The output consists only of the lines from the one with "MC Kevin o Chris – Flvxo do Fvtvro (Remix)" through the end of the records, each printed exactly, and contains no pictures.

** Opening Records for this task block **

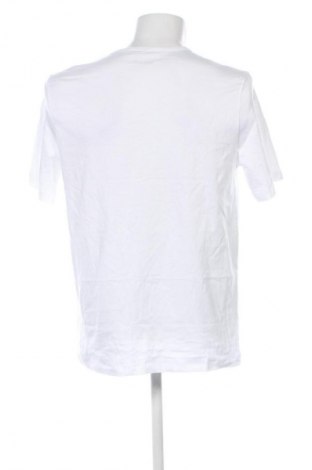 Мъжка тениска Hugo Boss, Размер XL, Цвят Бял, Цена 117,99 лв.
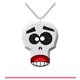 Chatter SMILE Collana T05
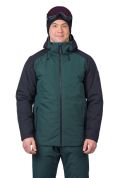 Hannah MASCON II sea moss/anthracite XXXL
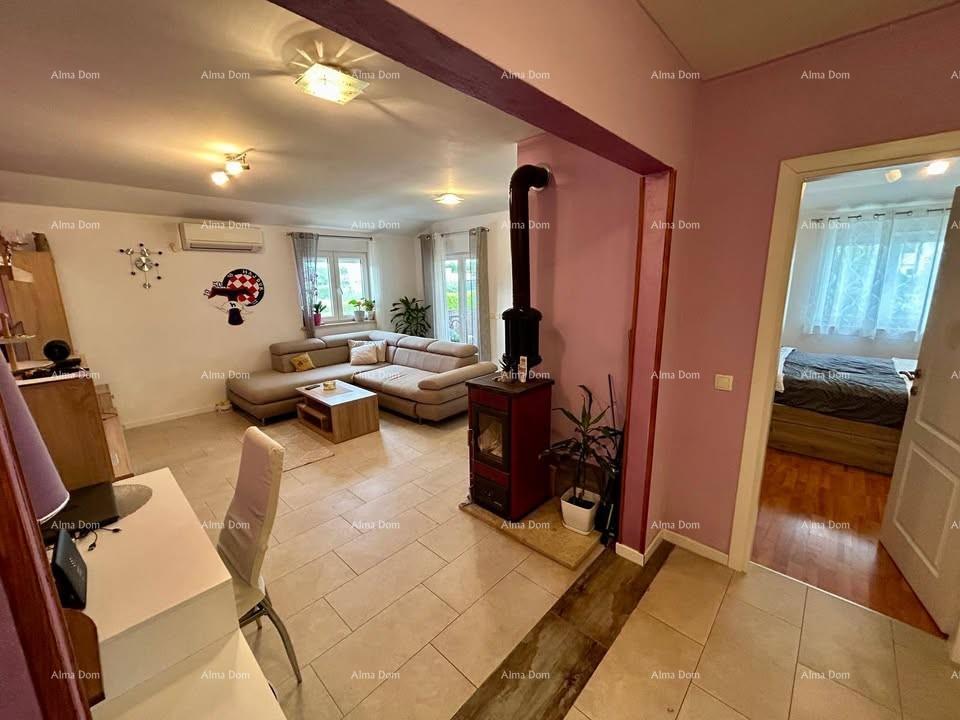 Flat For sale - ISTARSKA NOVIGRAD
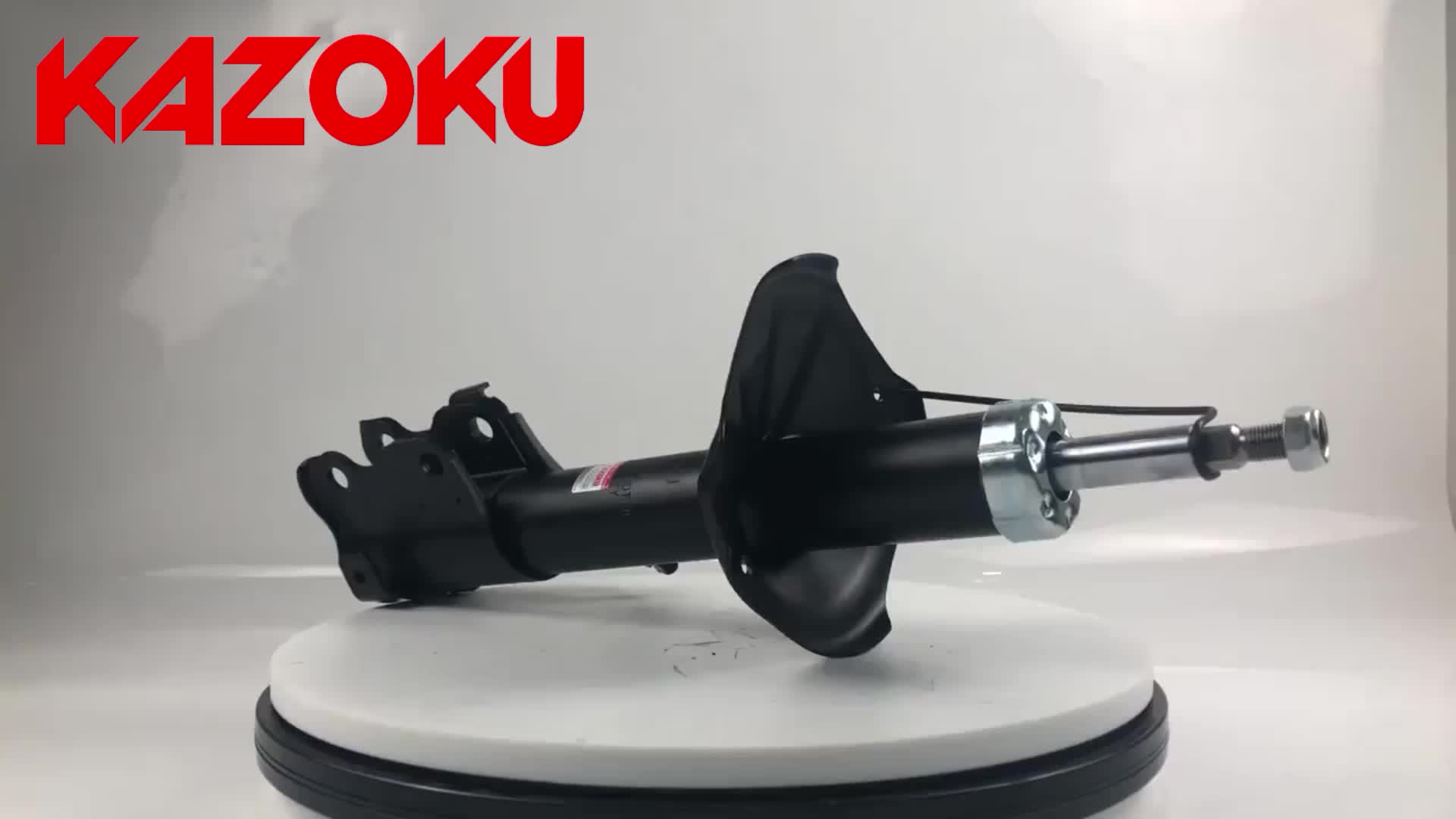 High Quality Front KYB Shock Absorber for NISSAN PRIMERA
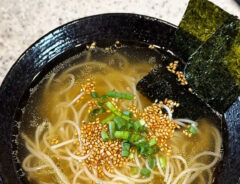 そうめん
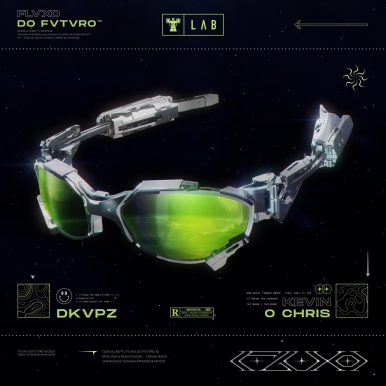 MC Kevin o Chris – Flvxo do Fvtvro (Remix)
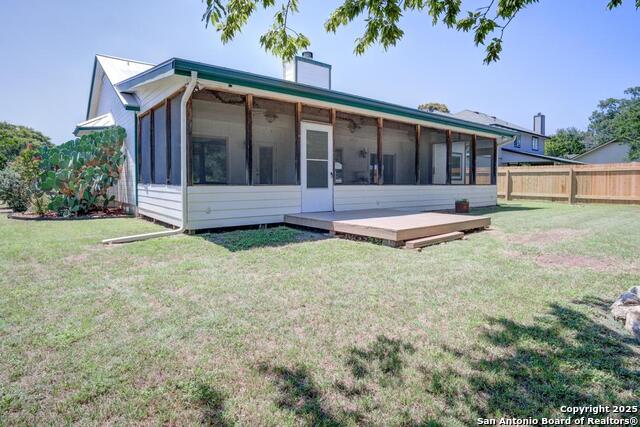 Image 29 of 37 For 201 Cibolo Crossing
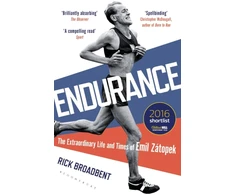 KNYGA Rick Broadbent Endurance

** Closing Records for this task block **

Result of this task:
 MC Kevin o Chris – Flvxo do Fvtvro (Remix)
 Image 29 of 37 For 201 Cibolo Crossing
 KNYGA Rick Broadbent Endurance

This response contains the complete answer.